What made her “analysis” worse is that Ms. Sanders ventured into what became crystal clear, uncharted territory for her:

“They need to look at their budgets and maybe they need to look at the way they do business.”

That cookie cutter statement showed she had zero clue how an athletic program works or that she didn’t do any research into the UAB situation. She just blurted out something she heard on the news in an attempt to sound well-learned on the matter. Luckily, Trask bailed her out and rescued the segment by talking about cost-benefit analysis and why funding a college football program isn’t as easy to run as it looks on television.

Girls will be girls

Dana Jacobson’s interview with 2014 Heisman Trophy winner Marcus Mariota was unwatchable. She peppered him with questions about his feelings, what he wanted to do while in New York City (the site of the trophy presentation), and the character of Heisman trophy winners was bland and predictable.

I laughed out loud when she asked him what his favorite beach was and why because in my mind, this was supposed to be a show about sports from a female point of view. I guess I’m in the wrong here for expecting substantive sports talk from women but I honestly didn’t expect this level of chick talk.

There was, however, a bit of red pill wisdom nestled in when Mariota talked about one of his favorite surf spots, Sandy Beach. The moment he mentioned how dangerous it was, Jacobson’s tingles were front and center as she giggled with glee no doubt fantasizing about what a bad boy the Oregon QB must be.

At the end of the day girls will always be girls.

The truth always comes out

A woman’s true nature will always rear its ugly head regardless of the environment. Swin Cash proved as much with this little gem:

“My mother made the brave decision not to get married so that the government could pay for my college education.”

Women these days have no shame voicing their welfare mentality, but to see it on national T.V. was a shock. It was quite funny to see the reaction of her colleagues when she dropped this nuke which was obviously unexpected. I will give her credit for having the balls to exhibit that level of candor though.

And of course they squawked about domestic violence

There’s little doubt in my mind that the recent media firestorm surrounding the NFL’s ongoing bout with domestic violence cases is the main reason this program exists. It’s namesake makes it obvious. Most of the videos I wanted to put in this article are no longer available but the domestic violence episode remains for public consumption (surprise, surprise).

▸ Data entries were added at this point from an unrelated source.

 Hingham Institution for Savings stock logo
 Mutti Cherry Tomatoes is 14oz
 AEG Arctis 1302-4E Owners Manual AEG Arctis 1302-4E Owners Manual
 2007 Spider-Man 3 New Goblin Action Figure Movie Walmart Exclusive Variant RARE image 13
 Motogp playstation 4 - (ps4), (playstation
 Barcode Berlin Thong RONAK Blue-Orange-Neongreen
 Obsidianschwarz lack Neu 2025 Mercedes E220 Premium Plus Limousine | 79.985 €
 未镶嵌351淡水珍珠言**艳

Everyone of the panelists seem to have been through it in some way shape or form and they all couldn’t wait to share their “brave stories of survival.” They took it a step further stating “and don’t you dare play down mental abuse” which is another prod for them to poke men with. Of course they talked about the bullshit “one in four” rape stat and hamstered about women not coming forward after rape or abuse.

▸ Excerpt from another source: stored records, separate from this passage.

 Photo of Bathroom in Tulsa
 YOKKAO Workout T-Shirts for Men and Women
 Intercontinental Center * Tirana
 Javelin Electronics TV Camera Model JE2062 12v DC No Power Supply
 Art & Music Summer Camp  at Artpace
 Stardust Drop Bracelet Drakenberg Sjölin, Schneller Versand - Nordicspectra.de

Toward the end of their discussion they predictably tipped their hand. They challenged NFL Commissioner Roger Goodell to be the voice of social change. They want him to be more proactive on matters of domestic violence which really means kicking men out of the league before convicted. They even came right out and said they’d like to use the NFL as a vehicle of social change because of its power and influence. At least they’re honest.

So What Did I Learn?

Nothing. The only difference between We Need To Talk and other female shows is that the subject matter revolves around professional athletes. Other than that they’re all the same. The feminist views, the hamstering, the cattiness amongst the hosts, all the boxes are checked.

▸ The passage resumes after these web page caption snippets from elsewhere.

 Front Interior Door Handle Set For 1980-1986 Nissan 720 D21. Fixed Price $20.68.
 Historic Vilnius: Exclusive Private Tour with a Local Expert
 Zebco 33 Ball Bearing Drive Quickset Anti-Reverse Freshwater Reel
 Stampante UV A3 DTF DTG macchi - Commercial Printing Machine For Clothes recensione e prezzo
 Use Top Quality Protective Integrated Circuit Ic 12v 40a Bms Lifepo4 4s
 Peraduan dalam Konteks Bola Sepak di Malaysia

I have no idea how this show survives. Men aren’t going to watch a sports talk program rife with feminine undertones and women don’t tolerate sports unless there’s male attention to hoard. The show will be on air longer than it should in the name of political correctness and social justice warriors. I guess the only positive I can take from that is that this will be another example of women failing in a male dominated arena.